— Task prompt —
Exactly the lines from the beginning of the listing below through the line that contains "X-ray energies we'll" should be transcribed, and pictures must stay out.
==== Data excerpts ====
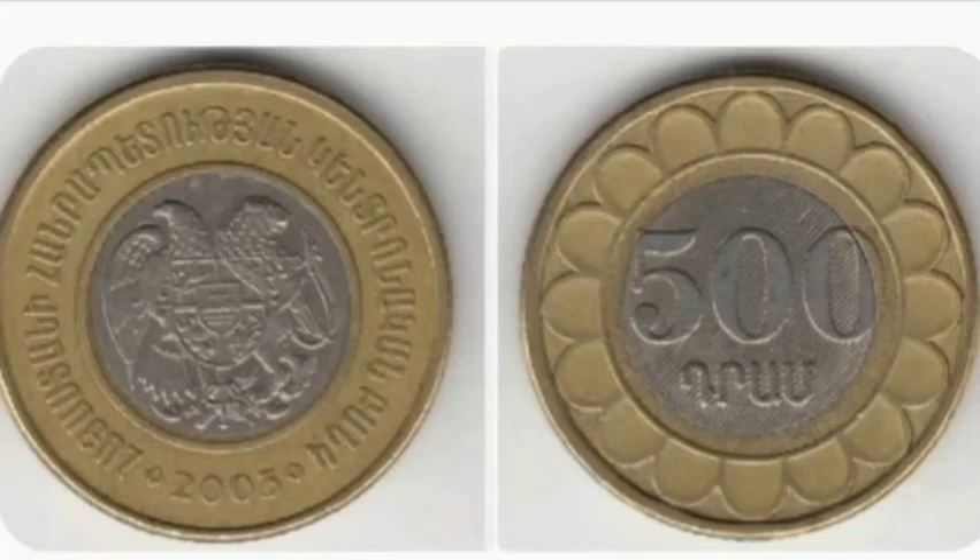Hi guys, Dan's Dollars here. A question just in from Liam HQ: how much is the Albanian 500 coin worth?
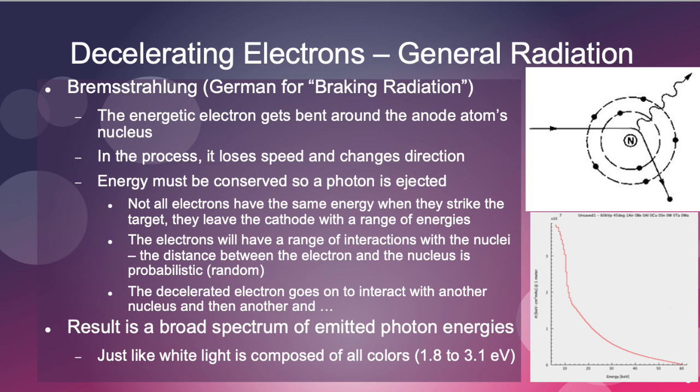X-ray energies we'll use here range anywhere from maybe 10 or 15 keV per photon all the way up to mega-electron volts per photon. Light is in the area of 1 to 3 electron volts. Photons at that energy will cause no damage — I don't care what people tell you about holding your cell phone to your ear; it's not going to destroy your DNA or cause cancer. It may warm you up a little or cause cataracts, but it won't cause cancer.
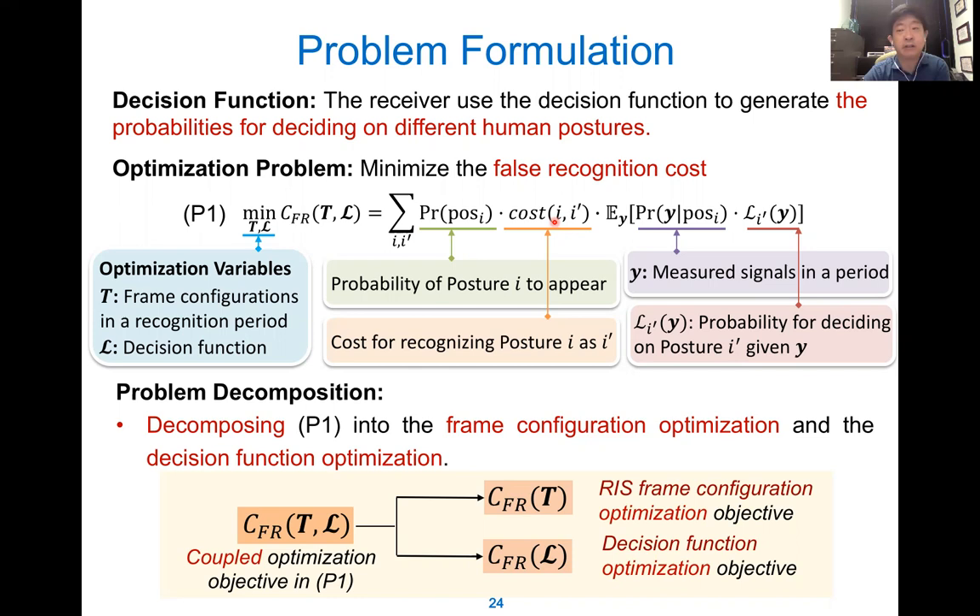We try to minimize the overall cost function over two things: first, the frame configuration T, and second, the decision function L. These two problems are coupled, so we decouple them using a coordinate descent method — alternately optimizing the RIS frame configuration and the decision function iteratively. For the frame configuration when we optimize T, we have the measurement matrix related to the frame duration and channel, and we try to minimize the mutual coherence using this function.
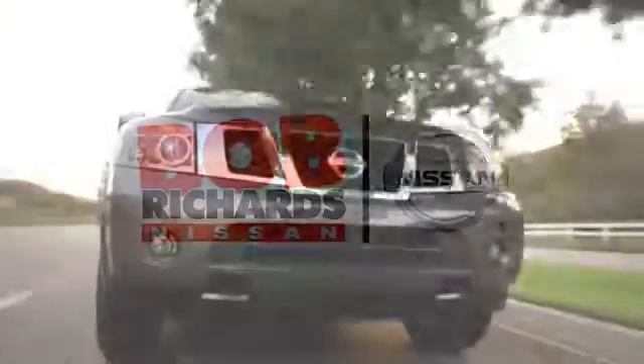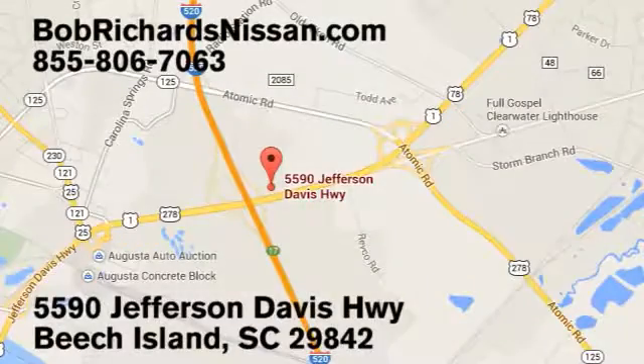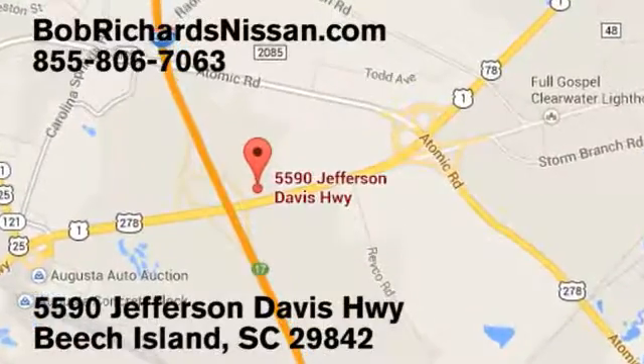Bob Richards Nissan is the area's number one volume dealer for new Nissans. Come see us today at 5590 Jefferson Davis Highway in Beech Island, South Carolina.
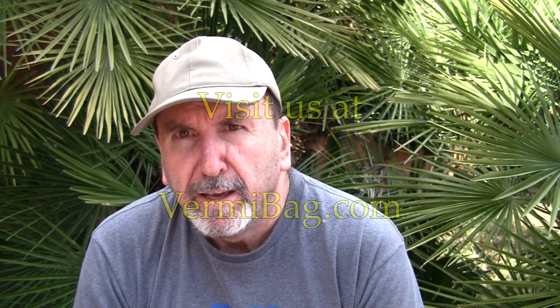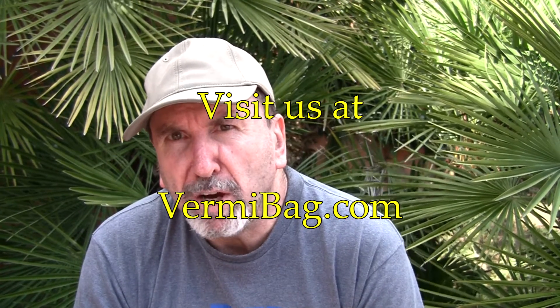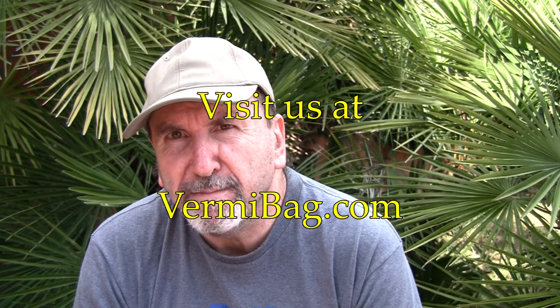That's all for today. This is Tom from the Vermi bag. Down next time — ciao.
====
— Completed exercise —
Hi guys, Dan's Dollars here. A question just in from Liam HQ: how much is the Albanian 500 coin worth?
X-ray energies we'll use here range anywhere from maybe 10 or 15 keV per photon all the way up to mega-electron volts per photon. Light is in the area of 1 to 3 electron volts. Photons at that energy will cause no damage — I don't care what people tell you about holding your cell phone to your ear; it's not going to destroy your DNA or cause cancer. It may warm you up a little or cause cataracts, but it won't cause cancer.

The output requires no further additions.